Et bien sûr, il raconte Helga. La belle Helga. Les formes d'Helga. L'amour avec Helga. le choix qu'il a fait ou plutôt qu'il a été contraint de faire. Cet amour impossible, sa solitude, l'amour secret qui ronge et obsède, son envie de mourir. L'espoir toujours qui revient comme une fleur de pissenlit à chaque printemps, fleur jaune comme la flamme qui renait perpétuellement en lui. C'est tour à tour sensuel, poignant, touchant. A la fois sauvage, cru, et beau, à l'instar des paysages islandais, taillés dans la lave et pétris de poésie.

« Quand nous avons fait l'amour, tes seins ballotaient contre le râtelier. Comme des cygnes sur la vague ».

« Te voir nue dans les rayons de soleil était revigorant comme la vision d'une fleur sur un escarpement rocheux. Je ne connais rien qui puisse égaler la beauté de ce spectacle ».

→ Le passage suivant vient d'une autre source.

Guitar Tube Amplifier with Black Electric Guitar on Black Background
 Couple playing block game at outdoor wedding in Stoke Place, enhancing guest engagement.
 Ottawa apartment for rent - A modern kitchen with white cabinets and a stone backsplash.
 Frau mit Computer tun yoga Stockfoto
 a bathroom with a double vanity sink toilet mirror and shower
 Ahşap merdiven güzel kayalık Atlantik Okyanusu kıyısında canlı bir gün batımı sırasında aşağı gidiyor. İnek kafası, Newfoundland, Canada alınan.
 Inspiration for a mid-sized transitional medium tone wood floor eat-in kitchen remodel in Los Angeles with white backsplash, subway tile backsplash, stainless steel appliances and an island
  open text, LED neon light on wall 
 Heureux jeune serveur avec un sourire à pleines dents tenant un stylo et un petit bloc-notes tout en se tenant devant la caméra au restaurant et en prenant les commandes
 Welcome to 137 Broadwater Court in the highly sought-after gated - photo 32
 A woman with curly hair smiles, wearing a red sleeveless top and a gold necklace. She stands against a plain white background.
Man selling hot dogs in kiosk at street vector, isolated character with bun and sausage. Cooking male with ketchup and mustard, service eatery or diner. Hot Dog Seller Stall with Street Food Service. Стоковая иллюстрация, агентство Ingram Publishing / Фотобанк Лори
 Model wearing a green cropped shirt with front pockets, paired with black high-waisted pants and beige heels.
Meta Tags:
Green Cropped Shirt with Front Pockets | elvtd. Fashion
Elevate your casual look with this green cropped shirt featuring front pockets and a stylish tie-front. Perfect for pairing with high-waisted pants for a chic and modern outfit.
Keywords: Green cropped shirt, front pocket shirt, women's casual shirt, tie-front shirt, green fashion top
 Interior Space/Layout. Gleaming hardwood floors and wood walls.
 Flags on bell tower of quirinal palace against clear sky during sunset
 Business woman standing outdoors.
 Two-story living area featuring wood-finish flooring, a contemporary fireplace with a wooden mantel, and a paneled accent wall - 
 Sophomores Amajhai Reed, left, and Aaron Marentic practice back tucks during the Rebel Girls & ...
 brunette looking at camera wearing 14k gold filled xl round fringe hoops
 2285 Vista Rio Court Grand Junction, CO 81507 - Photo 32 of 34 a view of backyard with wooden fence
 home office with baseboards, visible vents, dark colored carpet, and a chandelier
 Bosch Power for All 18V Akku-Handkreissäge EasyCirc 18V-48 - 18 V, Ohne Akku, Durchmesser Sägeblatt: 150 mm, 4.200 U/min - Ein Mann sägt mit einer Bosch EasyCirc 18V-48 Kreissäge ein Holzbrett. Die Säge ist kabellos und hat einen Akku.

C'est un très joli roman, très touchant, et qui permet aux lecteurs de découvrir les us et coutumes du peuple islandais au début du 20ème Siècle. Un monologue vigoureux et délicat qui raconte pourquoi cet homme s'est spolié lui-même de l'amour de sa vie. Un petit livre à découvrir que l'on termine touché en plein coeur.